Medicare Advantage fraud is a serious issue that costs taxpayers billions. I’m glad the government was able to recoup over $500 million in this case. Providers need to be held to high standards when it comes to accurately reporting patient diagnoses.
Absolutely. The financial incentives in Medicare Advantage can create perverse incentives if not properly monitored. This should serve as a wake-up call for the industry.
It’s good to see the government taking such a strong stance against Medicare Advantage fraud. Providers need to be held accountable for manipulating patient data to increase their reimbursements. Hopefully this sets a precedent for other cases.
Agreed. Rooting out fraud in government healthcare programs should be a top priority to protect taxpayer funds and ensure patients receive the care they need.
This is a significant healthcare fraud settlement involving Kaiser Permanente. It’s concerning that they allegedly pressured physicians to add diagnoses after patient visits to boost their Medicare Advantage reimbursements. Hopefully this serves as a warning to other providers against such unethical practices.

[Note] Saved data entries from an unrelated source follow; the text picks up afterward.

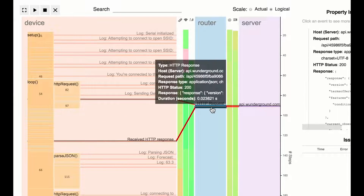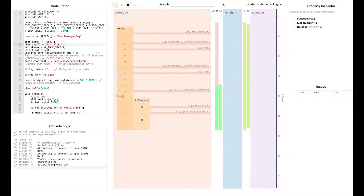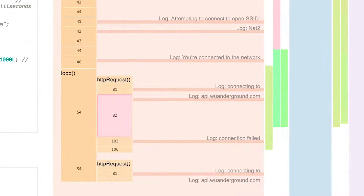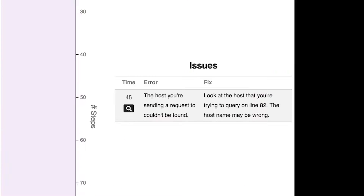YFrost constantly checks the data it collects for known error cases. When it detects an error, like a failed DNS query, it highlights the relevant code line and displays a human-readable description of the issue and potential fixes.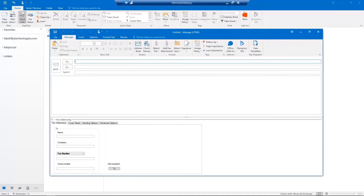A new message window will appear including the Fax Addressing dialog box. In the Fax Addressing tab, enter the required fax information including Recipient Name and Fax Number.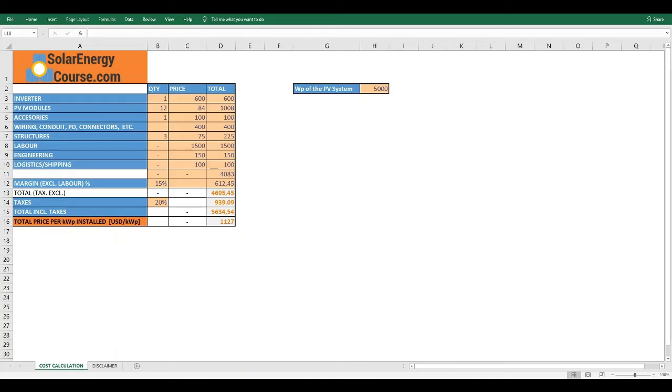Hey everyone, thank you for watching this video that is complementary to our solar energy course from Udemy or our website. The idea of this video is to see how to calculate the price per kilowatt peak of the PV system.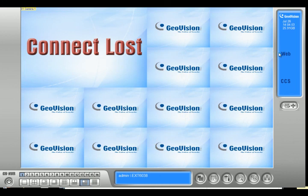That's basically how you change the port number on the GeoVision system. Thanks for watching this video. Make sure to check out our other videos on our YouTube channel and visit our website at www.2mcctv.com.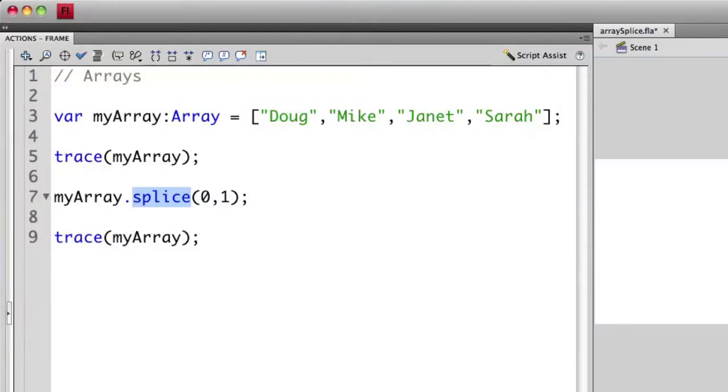Last time we used push. Push actually put an item at the end of the array sequence. In this case, splice is going to ask which item in our list here do we want to remove, and how many items from that point on do we want to remove.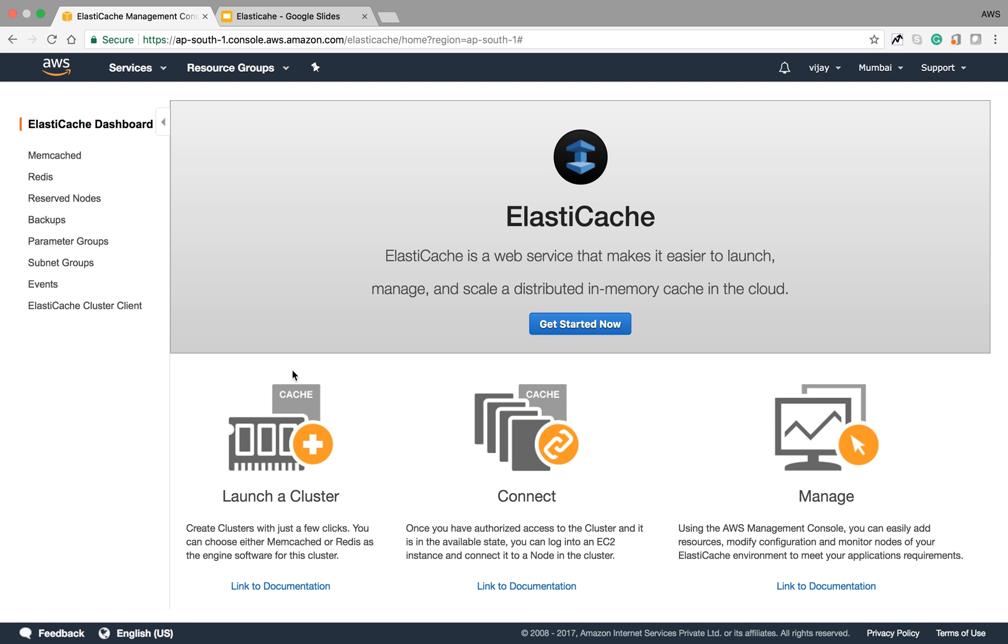Welcome to this session. We will see the ElastiCache lab and how to configure ElastiCache, and what kind of parameters we need to configure. There are two types of caching system engines: Memcached and Redis. This is the main screen for ElastiCache.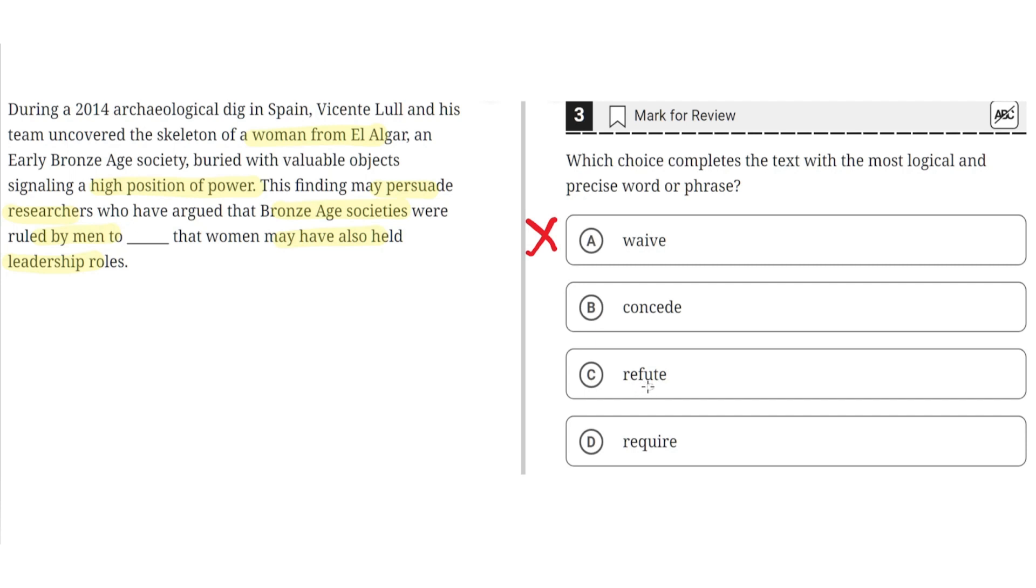C, refute. This is incorrect because this would imply that Bronze Age societies were ruled only by men, but the evidence in the previous sentence highlights how women also held positions of power. So C is incorrect.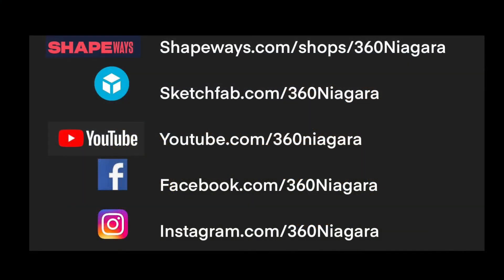My name is Clay Moorhead, 360 Niagara, and here are some of my channels you can check out if you wish.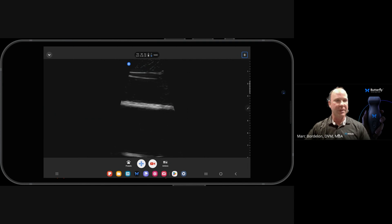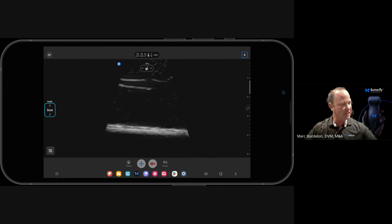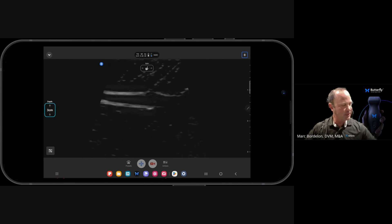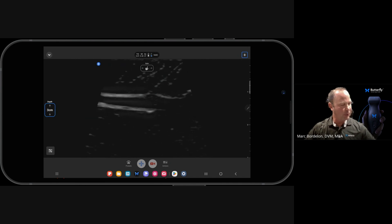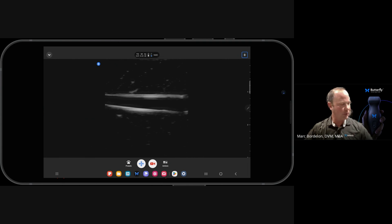Let's make sure we're in the right preset. Let's make sure we're at the right depth so I can see that I'm way too far out. So I'm going to decrease my depth to more appropriate depth where I have my structure of interest in the center of the screen.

You’re right, the scale of this fraud is quite troubling. It’s good to see whistleblowers coming forward and the government taking action to hold Kaiser accountable.
I’m glad the whistleblowers in this case were able to recover a significant portion of the settlement amount. Their courage in coming forward helped uncover a major fraud scheme that impacted taxpayers and Medicare beneficiaries. More whistleblower protections are needed to incentivize this kind of action.

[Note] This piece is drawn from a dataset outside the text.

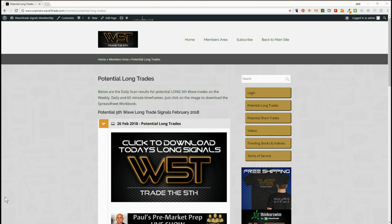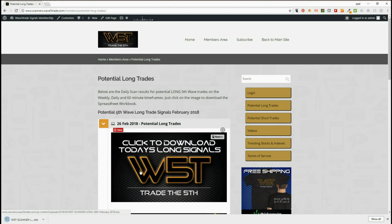Hi, this is Paul from wave5trade.com. Today is the 26th of February 2018 and this is an example of one of our signals from our stock signal service for Wave 5 Trade. I'm going for a long today, but we do offer short and long signals every day on daily, weekly, and 60-minute time frames for those swing trades of the fifth wave. Our members simply click on the image and download the spreadsheet for each longs and shorts.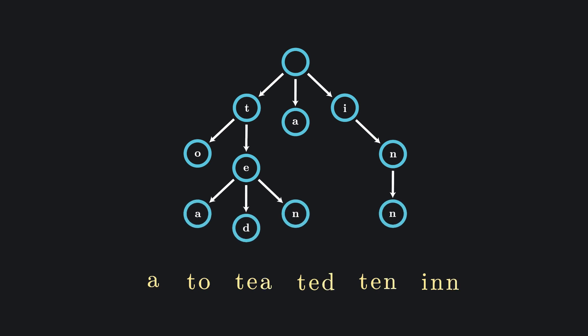To access the elements stored in this trie, we just need to traverse through the branches until you find the leaf node. For example, you can start by passing through T and writing it down. Then we pass through E, write that down. Then finally, we pass through A, which is the leaf node, so we know the word tea is in our tree.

As a shareholder, I’m disappointed to see Kaiser Permanente engaging in this type of fraudulent behavior. It’s a breach of trust with their patients and the government. I hope this serves as a wake-up call for the organization to improve its compliance practices.

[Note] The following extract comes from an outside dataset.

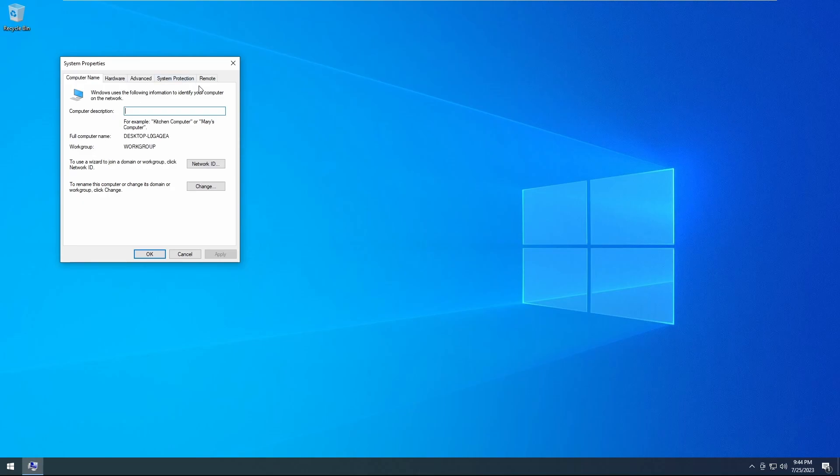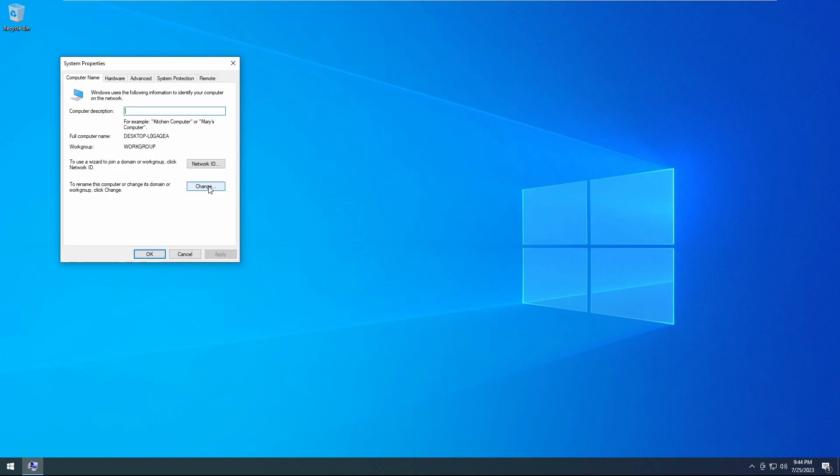Once you see that, you'll be presented with the system properties page that will show you your workgroup or your domain if you're connected to a domain, your full computer name, and these buttons. You're going to click on change.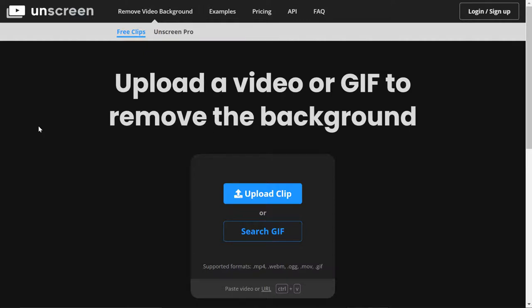I'm going to show you a really cool web-based program that can take any video that you have, and if you're the main subject or a person's the main subject, can strip away the background. A couple things to think about:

This is a sobering example of the potential for abuse in the Medicare Advantage program. While the program provides important coverage options, the financial incentives can clearly lead some providers down an unethical path. Stronger oversight and enforcement will be crucial going forward.
Well said. Medicare Advantage fraud undermines the entire program and erodes public trust. Rigorous auditing and meaningful penalties for bad actors are essential to protect the integrity of the system.